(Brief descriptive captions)
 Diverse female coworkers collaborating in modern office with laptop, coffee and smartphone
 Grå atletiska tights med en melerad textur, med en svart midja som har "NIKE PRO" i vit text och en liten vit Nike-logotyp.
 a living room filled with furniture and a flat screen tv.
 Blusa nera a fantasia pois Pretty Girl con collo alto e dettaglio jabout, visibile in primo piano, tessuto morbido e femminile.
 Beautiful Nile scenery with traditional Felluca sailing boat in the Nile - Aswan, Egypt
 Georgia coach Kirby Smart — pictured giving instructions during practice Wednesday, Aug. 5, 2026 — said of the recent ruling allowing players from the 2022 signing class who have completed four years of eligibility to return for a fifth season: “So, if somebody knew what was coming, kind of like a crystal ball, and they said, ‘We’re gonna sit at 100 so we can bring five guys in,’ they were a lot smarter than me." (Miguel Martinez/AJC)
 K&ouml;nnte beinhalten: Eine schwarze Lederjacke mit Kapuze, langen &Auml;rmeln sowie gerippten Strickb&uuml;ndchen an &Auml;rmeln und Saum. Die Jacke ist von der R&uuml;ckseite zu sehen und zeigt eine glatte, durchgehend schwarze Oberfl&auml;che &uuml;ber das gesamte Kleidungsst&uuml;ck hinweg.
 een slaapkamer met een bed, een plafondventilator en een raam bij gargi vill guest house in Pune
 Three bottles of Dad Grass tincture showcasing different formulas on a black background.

- [EXERCISE DETAILS]: Transcribe all of the data exactly, leaving no line out.

- [EXERCISE SOLUTION]:
 Diverse female coworkers collaborating in modern office with laptop, coffee and smartphone
 Grå atletiska tights med en melerad textur, med en svart midja som har "NIKE PRO" i vit text och en liten vit Nike-logotyp.
 a living room filled with furniture and a flat screen tv.
 Blusa nera a fantasia pois Pretty Girl con collo alto e dettaglio jabout, visibile in primo piano, tessuto morbido e femminile.
 Beautiful Nile scenery with traditional Felluca sailing boat in the Nile - Aswan, Egypt
 Georgia coach Kirby Smart — pictured giving instructions during practice Wednesday, Aug. 5, 2026 — said of the recent ruling allowing players from the 2022 signing class who have completed four years of eligibility to return for a fifth season: “So, if somebody knew what was coming, kind of like a crystal ball, and they said, ‘We’re gonna sit at 100 so we can bring five guys in,’ they were a lot smarter than me." (Miguel Martinez/AJC)
 K&ouml;nnte beinhalten: Eine schwarze Lederjacke mit Kapuze, langen &Auml;rmeln sowie gerippten Strickb&uuml;ndchen an &Auml;rmeln und Saum. Die Jacke ist von der R&uuml;ckseite zu sehen und zeigt eine glatte, durchgehend schwarze Oberfl&auml;che &uuml;ber das gesamte Kleidungsst&uuml;ck hinweg.
 een slaapkamer met een bed, een plafondventilator en een raam bij gargi vill guest house in Pune
 Three bottles of Dad Grass tincture showcasing different formulas on a black background.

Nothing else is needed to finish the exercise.